• Short web captions

******

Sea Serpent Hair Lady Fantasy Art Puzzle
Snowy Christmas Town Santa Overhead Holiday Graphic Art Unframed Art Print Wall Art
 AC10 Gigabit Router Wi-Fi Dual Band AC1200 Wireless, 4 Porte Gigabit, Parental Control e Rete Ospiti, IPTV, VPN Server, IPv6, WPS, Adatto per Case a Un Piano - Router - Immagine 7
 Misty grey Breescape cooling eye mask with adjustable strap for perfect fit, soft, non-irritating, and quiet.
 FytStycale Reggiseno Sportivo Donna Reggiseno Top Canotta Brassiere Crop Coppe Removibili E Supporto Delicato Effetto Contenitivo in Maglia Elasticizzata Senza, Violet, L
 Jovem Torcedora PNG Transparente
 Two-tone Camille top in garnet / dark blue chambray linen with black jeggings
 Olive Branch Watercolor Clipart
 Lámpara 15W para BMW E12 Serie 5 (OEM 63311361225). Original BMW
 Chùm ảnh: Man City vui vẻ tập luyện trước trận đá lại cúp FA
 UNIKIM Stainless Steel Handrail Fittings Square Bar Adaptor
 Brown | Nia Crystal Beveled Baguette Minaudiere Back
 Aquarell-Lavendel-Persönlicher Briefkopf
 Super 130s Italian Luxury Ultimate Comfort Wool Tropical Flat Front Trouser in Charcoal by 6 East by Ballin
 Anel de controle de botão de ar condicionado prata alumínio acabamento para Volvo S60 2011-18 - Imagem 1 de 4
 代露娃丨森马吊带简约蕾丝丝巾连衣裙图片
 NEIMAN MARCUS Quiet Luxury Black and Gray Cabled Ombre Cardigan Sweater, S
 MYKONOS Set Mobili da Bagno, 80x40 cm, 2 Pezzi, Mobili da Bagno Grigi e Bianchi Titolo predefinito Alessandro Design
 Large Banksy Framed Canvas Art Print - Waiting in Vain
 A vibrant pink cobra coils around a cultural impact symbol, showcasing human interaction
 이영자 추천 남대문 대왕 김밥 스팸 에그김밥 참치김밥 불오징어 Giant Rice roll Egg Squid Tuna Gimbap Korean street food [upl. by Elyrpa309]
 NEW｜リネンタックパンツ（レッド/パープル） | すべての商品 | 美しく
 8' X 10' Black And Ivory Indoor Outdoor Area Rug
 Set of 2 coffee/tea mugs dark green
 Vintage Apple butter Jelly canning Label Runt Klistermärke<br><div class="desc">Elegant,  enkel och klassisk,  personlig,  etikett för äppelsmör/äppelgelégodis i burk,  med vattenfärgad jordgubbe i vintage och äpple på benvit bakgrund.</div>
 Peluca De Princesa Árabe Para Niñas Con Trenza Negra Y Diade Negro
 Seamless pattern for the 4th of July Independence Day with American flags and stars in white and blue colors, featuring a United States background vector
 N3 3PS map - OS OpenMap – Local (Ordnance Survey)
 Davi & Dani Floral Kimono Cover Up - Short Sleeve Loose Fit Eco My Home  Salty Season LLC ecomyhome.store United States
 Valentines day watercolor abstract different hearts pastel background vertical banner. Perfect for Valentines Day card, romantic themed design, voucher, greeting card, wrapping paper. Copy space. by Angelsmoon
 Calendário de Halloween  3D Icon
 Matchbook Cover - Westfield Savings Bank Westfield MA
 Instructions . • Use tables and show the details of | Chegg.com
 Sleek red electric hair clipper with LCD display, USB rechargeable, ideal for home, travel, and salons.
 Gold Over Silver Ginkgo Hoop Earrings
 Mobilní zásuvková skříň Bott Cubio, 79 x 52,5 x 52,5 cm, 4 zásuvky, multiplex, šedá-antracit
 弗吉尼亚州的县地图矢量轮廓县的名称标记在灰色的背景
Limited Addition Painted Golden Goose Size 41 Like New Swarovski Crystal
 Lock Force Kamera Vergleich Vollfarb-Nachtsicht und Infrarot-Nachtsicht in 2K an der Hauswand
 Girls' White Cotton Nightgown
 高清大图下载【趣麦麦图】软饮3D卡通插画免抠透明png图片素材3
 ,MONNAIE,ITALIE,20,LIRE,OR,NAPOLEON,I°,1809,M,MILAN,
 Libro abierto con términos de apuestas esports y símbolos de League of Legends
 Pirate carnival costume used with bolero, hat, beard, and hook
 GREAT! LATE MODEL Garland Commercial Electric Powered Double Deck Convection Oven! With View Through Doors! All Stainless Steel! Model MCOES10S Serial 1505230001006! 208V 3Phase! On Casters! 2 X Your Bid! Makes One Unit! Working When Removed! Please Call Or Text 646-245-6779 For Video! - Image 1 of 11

******

• Work item
If a line contains the word "dark", it counts; say how many such lines there are in the data above, and nothing else.

• Solution
2